(Assignment): The material below includes pictures; leave them out and return only the lines between the line containing "Symbolic play connects" and the line containing "imageFUNTOUCH 20X1X Wall", inclusive, word for word.

(Input data):
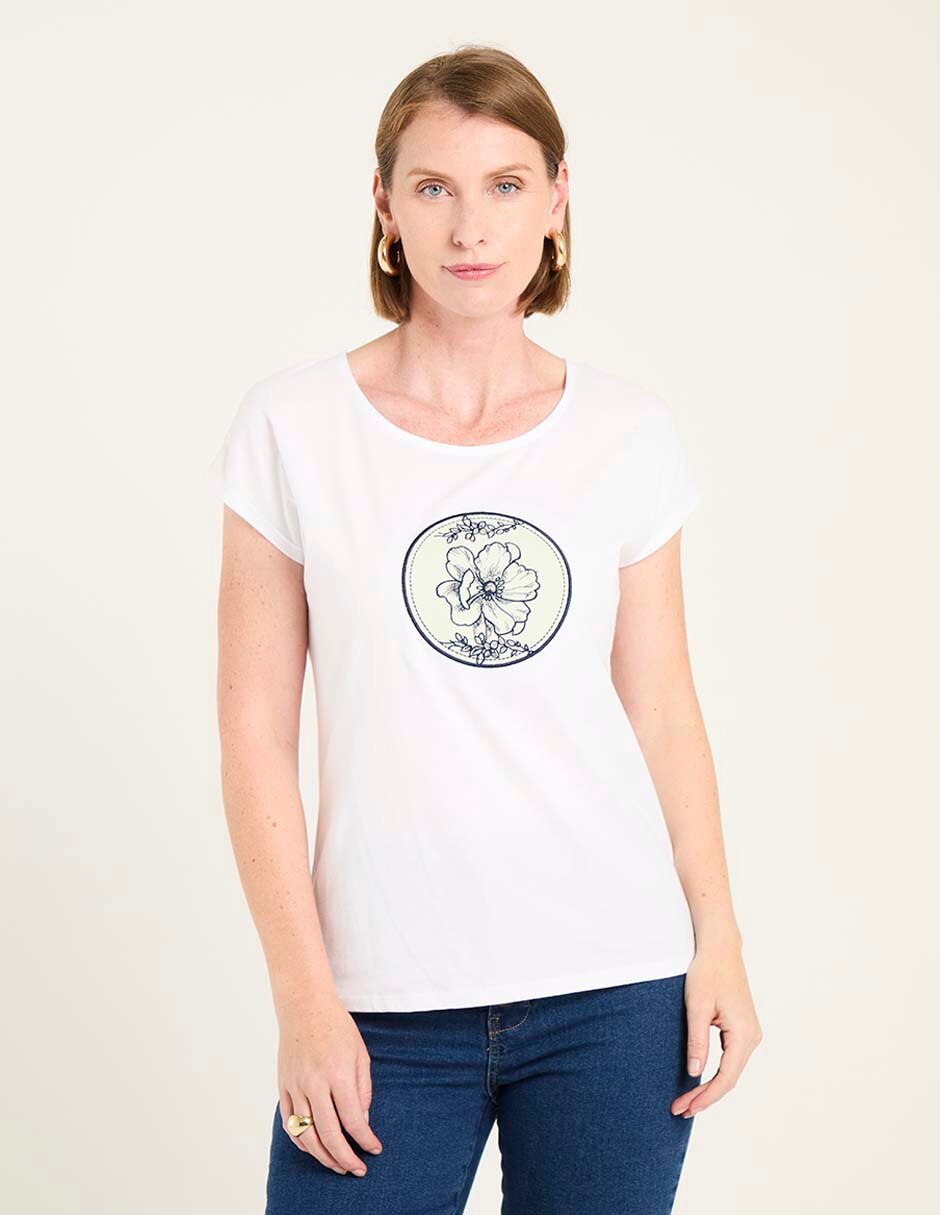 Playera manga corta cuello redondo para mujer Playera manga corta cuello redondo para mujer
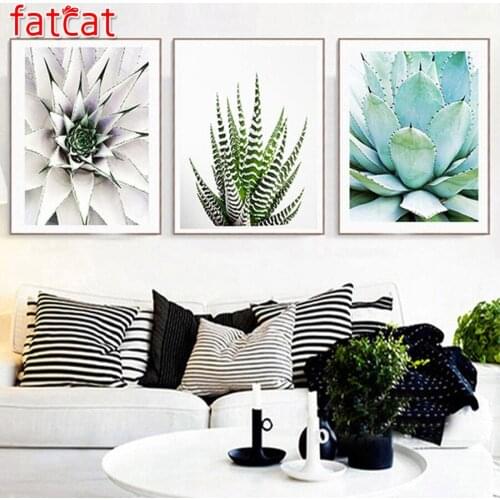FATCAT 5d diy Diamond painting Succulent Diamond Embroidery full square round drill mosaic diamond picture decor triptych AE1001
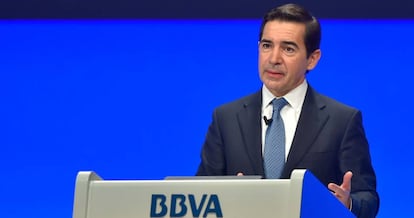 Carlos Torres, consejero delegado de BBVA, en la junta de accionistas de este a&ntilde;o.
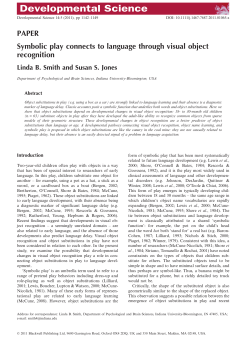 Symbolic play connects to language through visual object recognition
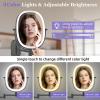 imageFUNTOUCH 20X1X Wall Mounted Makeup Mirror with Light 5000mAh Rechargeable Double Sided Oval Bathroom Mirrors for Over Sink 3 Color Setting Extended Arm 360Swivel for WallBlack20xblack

* * *

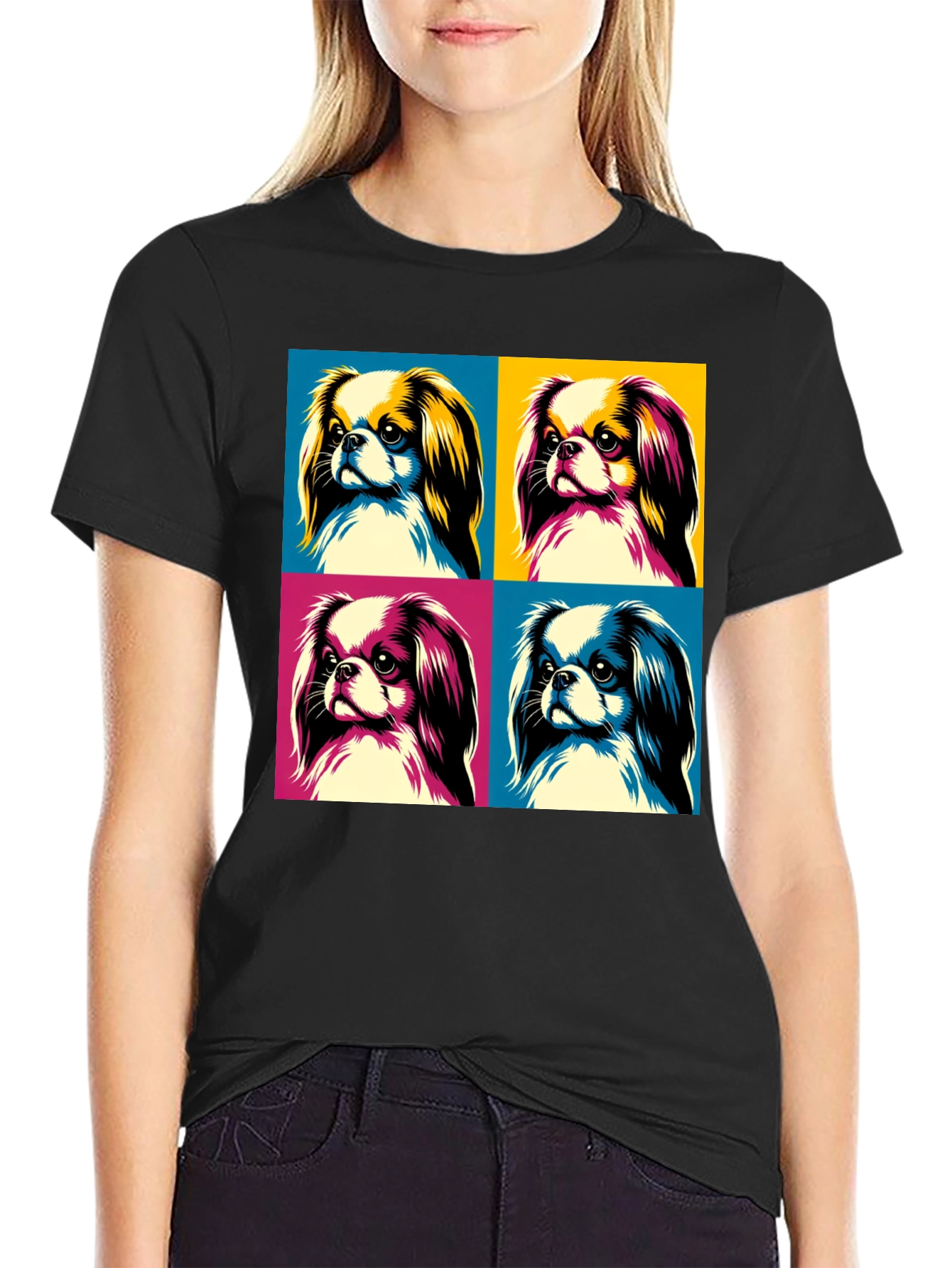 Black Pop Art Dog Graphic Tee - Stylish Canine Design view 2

(Response for this exercise):
 Symbolic play connects to language through visual object recognition
 imageFUNTOUCH 20X1X Wall Mounted Makeup Mirror with Light 5000mAh Rechargeable Double Sided Oval Bathroom Mirrors for Over Sink 3 Color Setting Extended Arm 360Swivel for WallBlack20xblack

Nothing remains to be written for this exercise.